I have seen a system like what I am building in smalltalk at some point.
But I forgot how it was called.
I had a look at flutter yesterday, and yes its an amazing platform. But for what I want to do I fear it is too early.
I want to be able to arbitrarily let users define how to visualize the data.
So I am bringing sci interpreter as well,
so basically new ui can be defined with sci.
In its simplest form I use that to highlight a cell in a table in red if the value is negative.
To give an example.
And I do have one question:
missionary has included in there rendering system something, that detects is a dom node is moved somewhere else.
In which case it does not need to remove/add again.
They also sample the state 60 times a second, so they will do dom updates at that speed.
Have you ever found a need for something like that?
Since web-mx api is just a few hundred lines of code, I am thinking of doing something similar, but for server-side rendering.
Many thanks for helping me along!
I am not sure if I will start using Matrix or not.
I just know that my current design needs something new.
"Since web-mx api is just a few hundred lines of code,..." There ya go. You do not need MX you need missionary to work on the DOM. mx-web shows it is not that hard. The DOM is insanely well-documented at this point. Extending Missionary to handle DOM will be an order of magnitude (or two) easier thang getting MX to work inside Missionary and React.
I am trying to understand how matrix does its rendering. So what I figure is when you first Mount it run once and creates whatever is visible. When there is a change in a cell then this change leads to a recalc of the element that observes the cell. And then the refresh needs to have a link to the dom element and then update first the element itself and then perhaps it's children.
"And then the refresh needs to have a link to the dom element and then update first the element itself and then perhaps it's children." Correct. The MX proxy decides some property has changed. When this proxy property corresponds to a DOM property, a side-effect handler actually uses the DOM API to alter the DOM property.
"but dynamic text needs to be in :content which is less understandabl" Can't say I disagree with that, but that is how the DOM works once you get under the hood. And MX libraries, wherever they wrap another library, follow the principle "when in Rome do as Romans do". In my experience, things work better if we work with a library instead of subsituting what we might think is a better approach. Deviating can trip up on undocumented details of a library.
"There is are small discrepancies such as onclick on-click." Not sure on that one. As I said in another reply, I try to ape a library precisely. I wonder if sth scared me off that. Possibly I wanted to support authoring a widget either with a direct handler or one that lived at the MX abstraction? Sorry, I have been awayy doing Flutter for a couple of years, some things are fuzzy.
If you want help with using mxWeb I'll fire it up and get my cobwebs cleaned up.

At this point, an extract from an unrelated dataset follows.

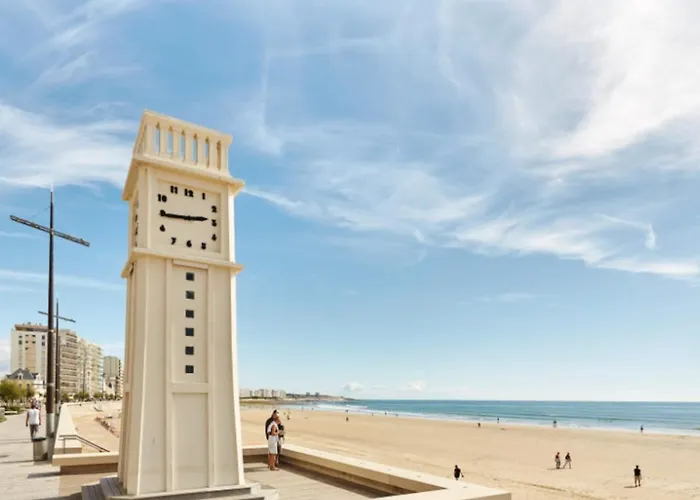 Loving Cocoon With Furnished Balcony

"you could run the entire mx server side and client side you just need a websocket and an eventhandler." Well-spotted. The Algebra app is a Common Lisp app that ships JS over in XHR responses to events generated by straightforward JS event handlers. Works well, but for CLJS I thought it might be better to avoid the round trips. I guess a socket would be a bit more efficient, and avoid a problem I had where client events arrived in different order than generated. Not sure, I have not done much with WebSockets.
Which qould mean that you could run the entire mx server side and client side you just need a websocket and an eventhandler. Then the websocket protocol would basically have two operations: 1. Initial dom 2. Dom update. Andngoing back to the server 1. Dom event.